A man in France has suffered a totally unique complication from COVID-19 - a four-hour erection.
The 62-year-old was already in hospital with the deadly disease when it began, according to a case report in the latest issue of The American Journal of Emergency Medicine.
Two days earlier he went to the doctor complaining of a lack of energy, fever, dry cough, and diarrhea.
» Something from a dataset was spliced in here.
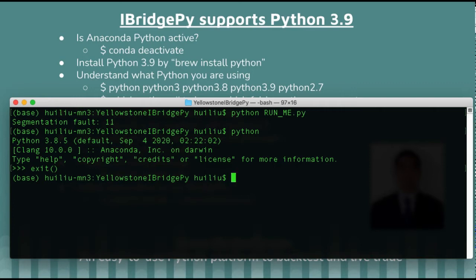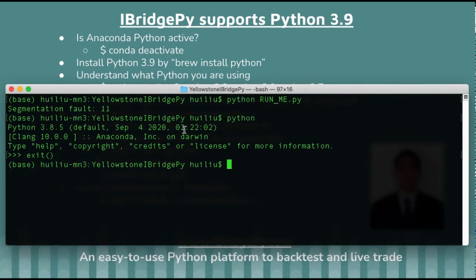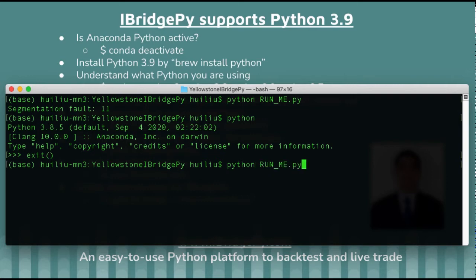The question is, how can you tell if Anaconda is active or not? The secret comes from here: when you see this parentheses "base", that very likely means your Anaconda Python is active — not 100% sure, because you can have a virtual Python that will also show something like this. So I would say, if you type Python and check, and you see parentheses with "base", very likely your Anaconda Python is active. That explains why when I ran Python runme.py it failed — because in my local iBridgePy I installed for Python 3.9, so it failed with a strange error message.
He was given an antibiotic, but two days later suffered shortness of breath - a key symptom of COVID-19 - and rushed to a hospital and placed on a ventilator.
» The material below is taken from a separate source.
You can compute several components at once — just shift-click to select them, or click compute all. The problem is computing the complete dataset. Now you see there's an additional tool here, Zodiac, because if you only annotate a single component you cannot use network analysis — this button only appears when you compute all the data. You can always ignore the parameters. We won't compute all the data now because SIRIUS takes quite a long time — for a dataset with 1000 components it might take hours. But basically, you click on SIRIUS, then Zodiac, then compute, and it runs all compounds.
After treatment for other complications, a full body examination uncovered a "previously unidentified priapism" - in other words, a persistent erection.
But it wasn't any ordinary erection - the tip was flaccid, but two of the three chambers which make up the shaft were "rigid".
"The patient was sedated and unable to answer questions about pain," the case report read.
Doctors quickly figured out it was being caused by blood clots - another known symptom of COVID-19 - so applied an ice pack and sucked the blood out with a needle.
Four hours later, the priapism was gone.
"The clinical and laboratory presentation in our patient strongly suggests priapism related to SARS-CoV-2 infection," the report said, warning other doctors to keep an eye out for it in their patients.
"This medical emergency should be recognised by healthcare professionals and treated promptly to prevent immediate and chronic functional complications."
COVID-19 has killed more than half-a-million people so far, and as a disease new to science, complications are still being discovered.